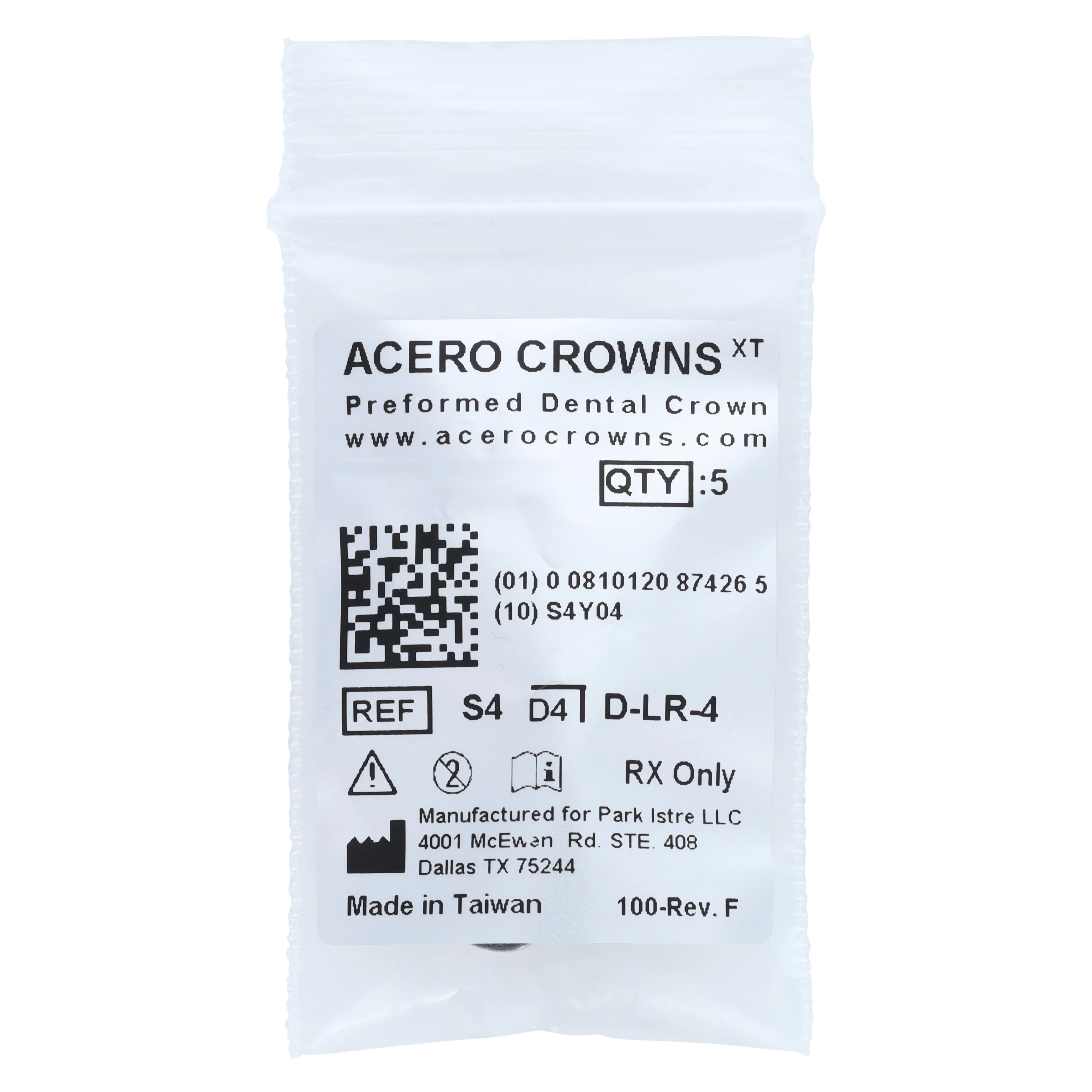 Acero XT Stainless Steel Crowns, Lower Right Primary First Molar, Size 4, 5/Pack (D-LR-4)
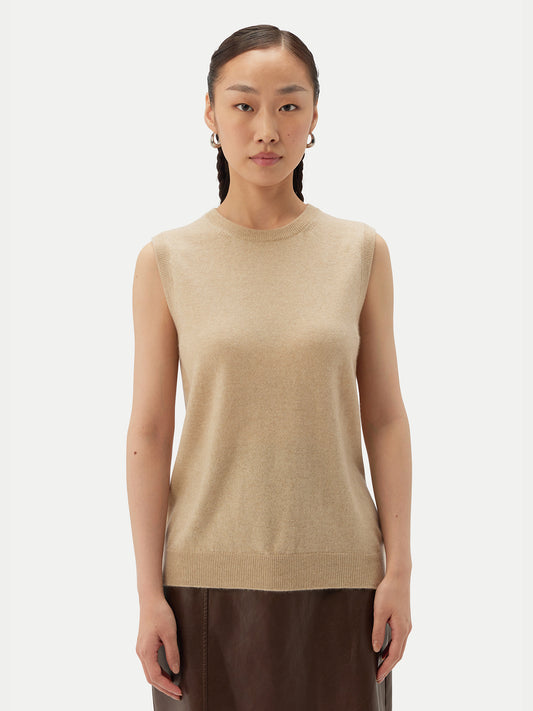 Gilet col rond en cachemire Essentiel pour femmes Couleur Organique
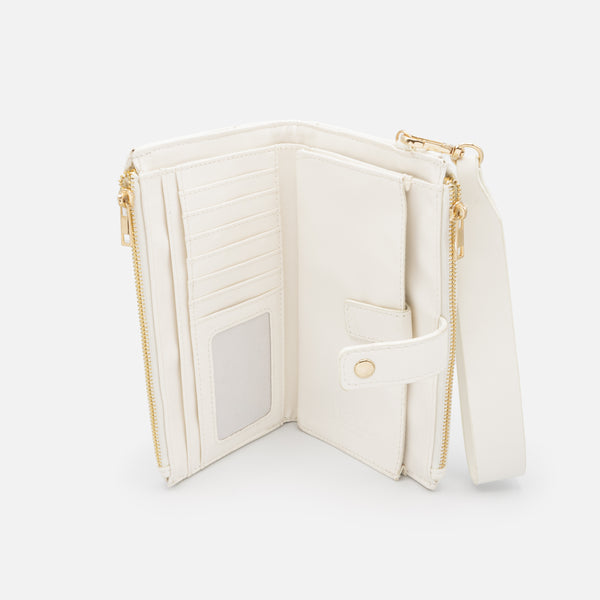 Charger l'image dans la galerie, Portefeuille ivoire double matelassé à motif floral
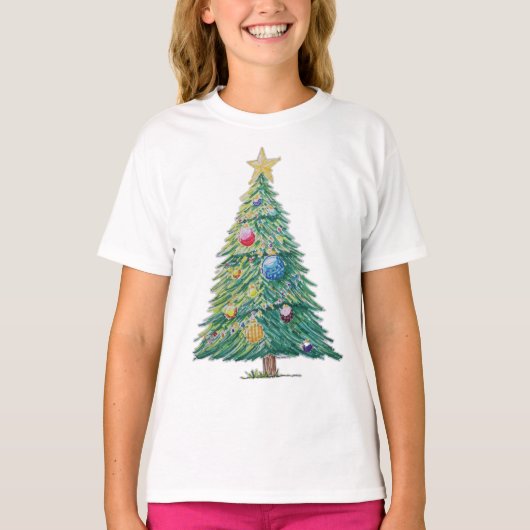 Kleurrijke Kerstboom T-shirt (Voorkant)
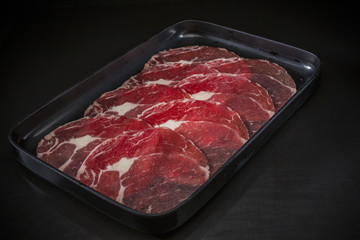 Raw Beef for Sukiyaki, shabu shabu, thin sliced beef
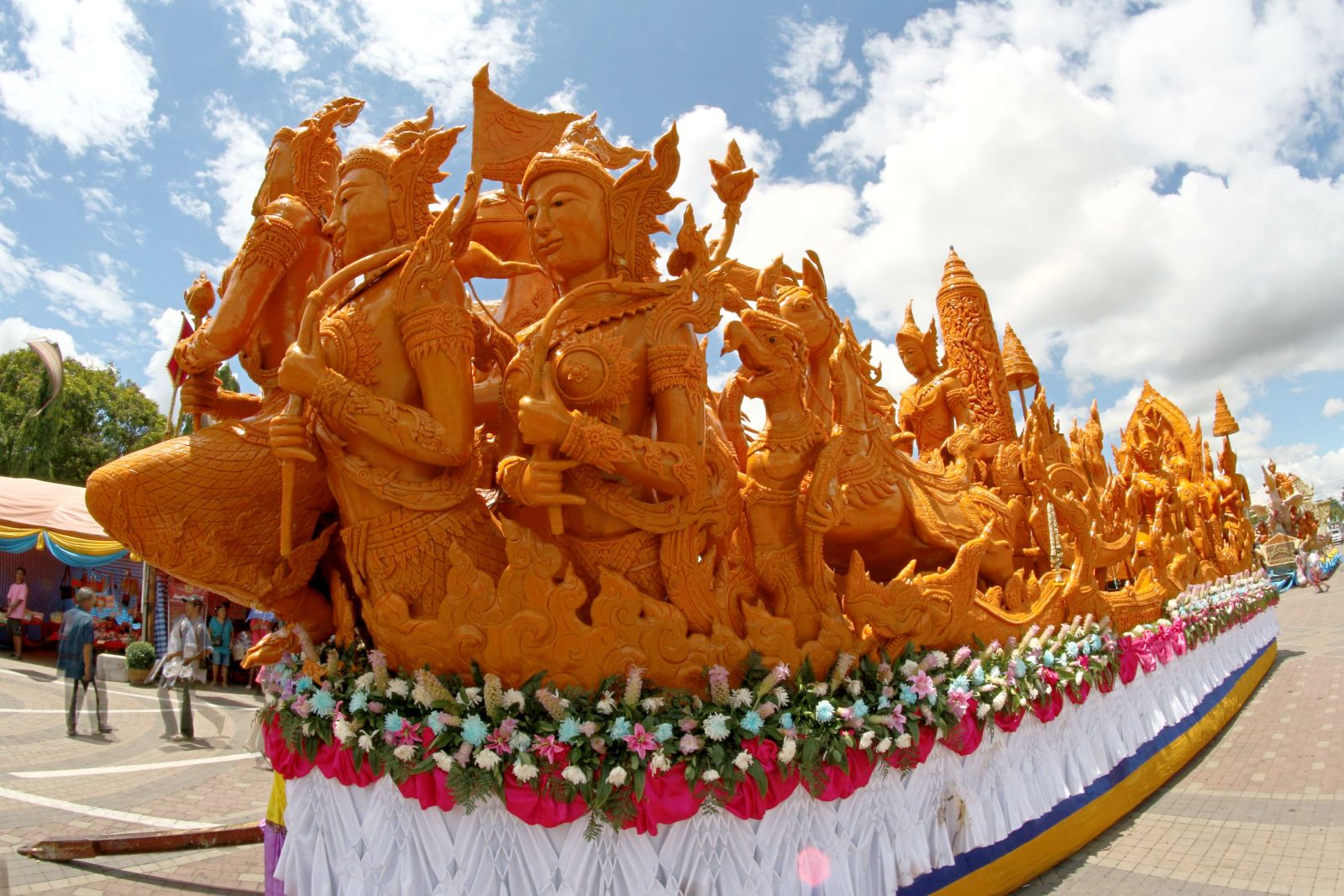 Giant wax sculptures in Ubon Ratchathani Candle Festival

**Activity**
Retype the entries exactly, skipping every picture.

**Written solution**
 Acero XT Stainless Steel Crowns, Lower Right Primary First Molar, Size 4, 5/Pack (D-LR-4)
 Gilet col rond en cachemire Essentiel pour femmes Couleur Organique
 Charger l'image dans la galerie, Portefeuille ivoire double matelassé à motif floral
 Kleurrijke Kerstboom T-shirt (Voorkant)
 Raw Beef for Sukiyaki, shabu shabu, thin sliced beef
 Giant wax sculptures in Ubon Ratchathani Candle Festival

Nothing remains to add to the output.